Supplied records START

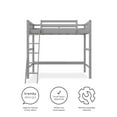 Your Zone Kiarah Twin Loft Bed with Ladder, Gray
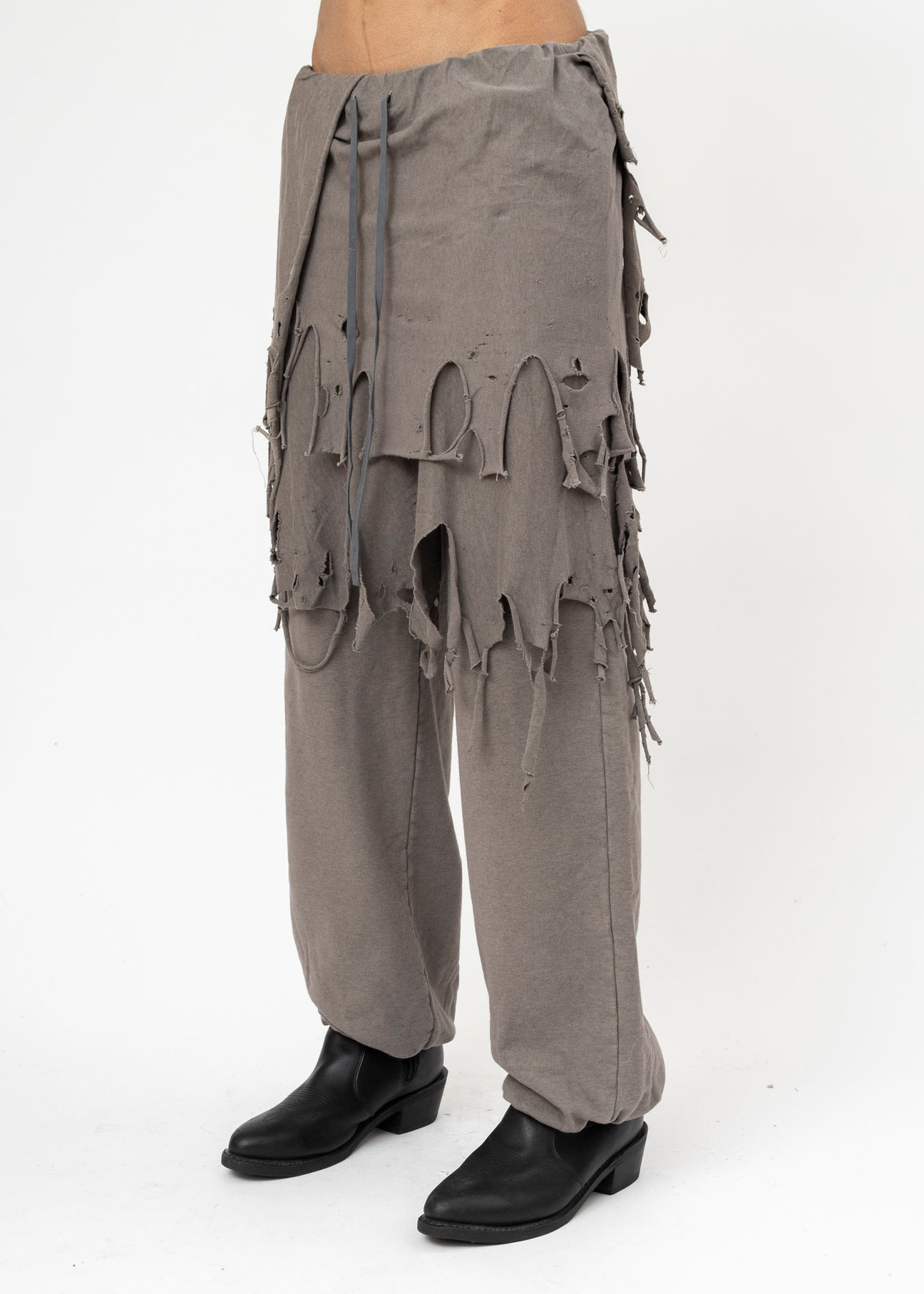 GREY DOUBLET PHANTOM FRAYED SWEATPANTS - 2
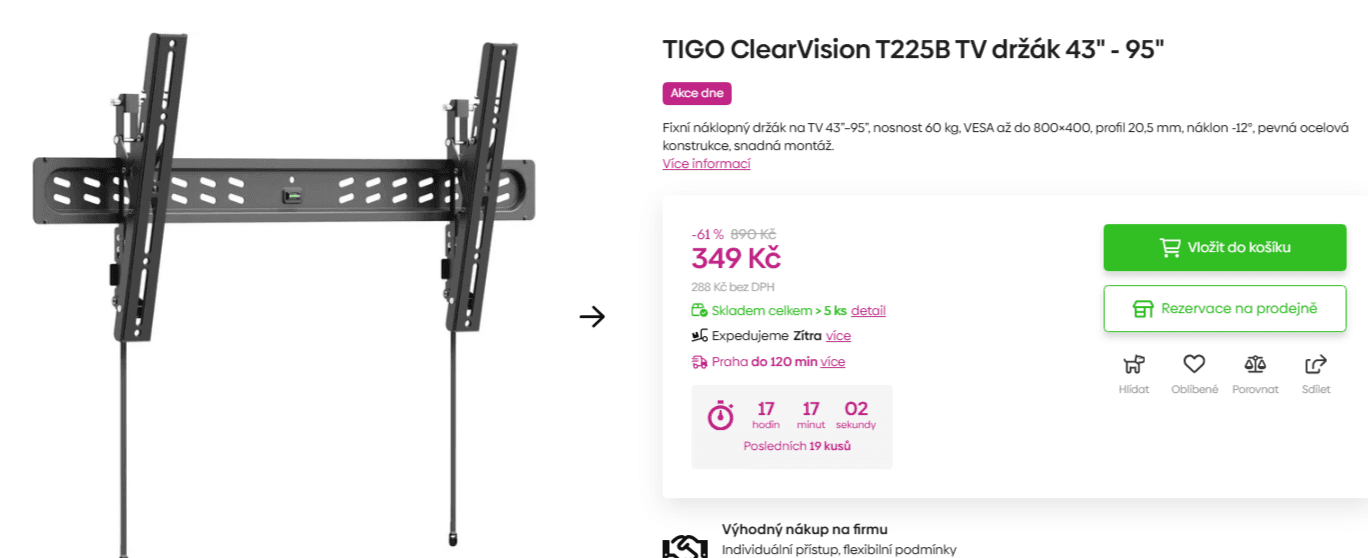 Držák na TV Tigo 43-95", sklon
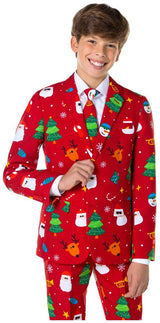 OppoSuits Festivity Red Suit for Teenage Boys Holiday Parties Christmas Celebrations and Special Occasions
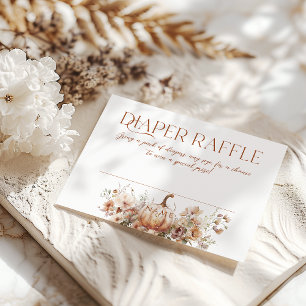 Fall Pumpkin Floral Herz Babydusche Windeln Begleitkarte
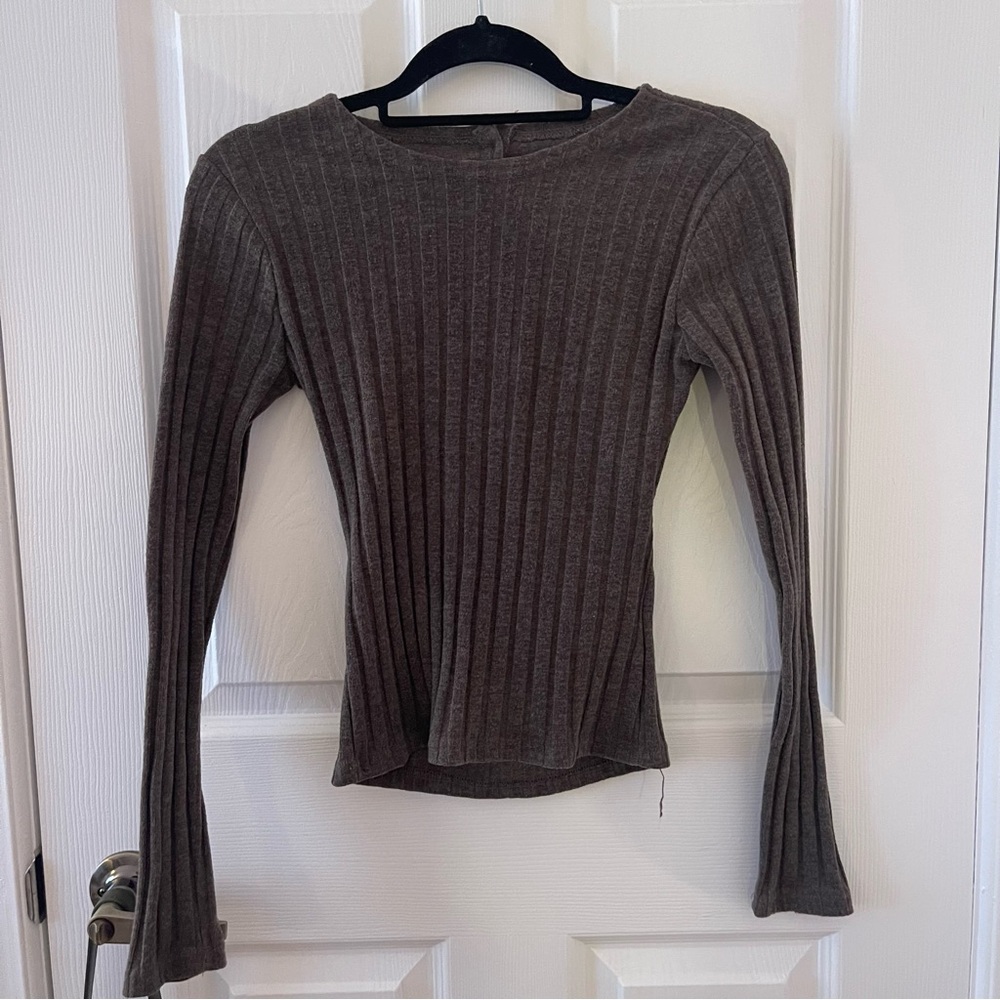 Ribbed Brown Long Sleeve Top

Supplied records END

(Directions)
Without any pictures, please write out the lines from the one containing "GREY DOUBLET PHANTOM FRAYED SWEATPANTS - 2" through the final line of the data, exactly and inclusive of both ends.

(Completed task)
 GREY DOUBLET PHANTOM FRAYED SWEATPANTS - 2
 Držák na TV Tigo 43-95", sklon
 OppoSuits Festivity Red Suit for Teenage Boys Holiday Parties Christmas Celebrations and Special Occasions
 Fall Pumpkin Floral Herz Babydusche Windeln Begleitkarte
 Ribbed Brown Long Sleeve Top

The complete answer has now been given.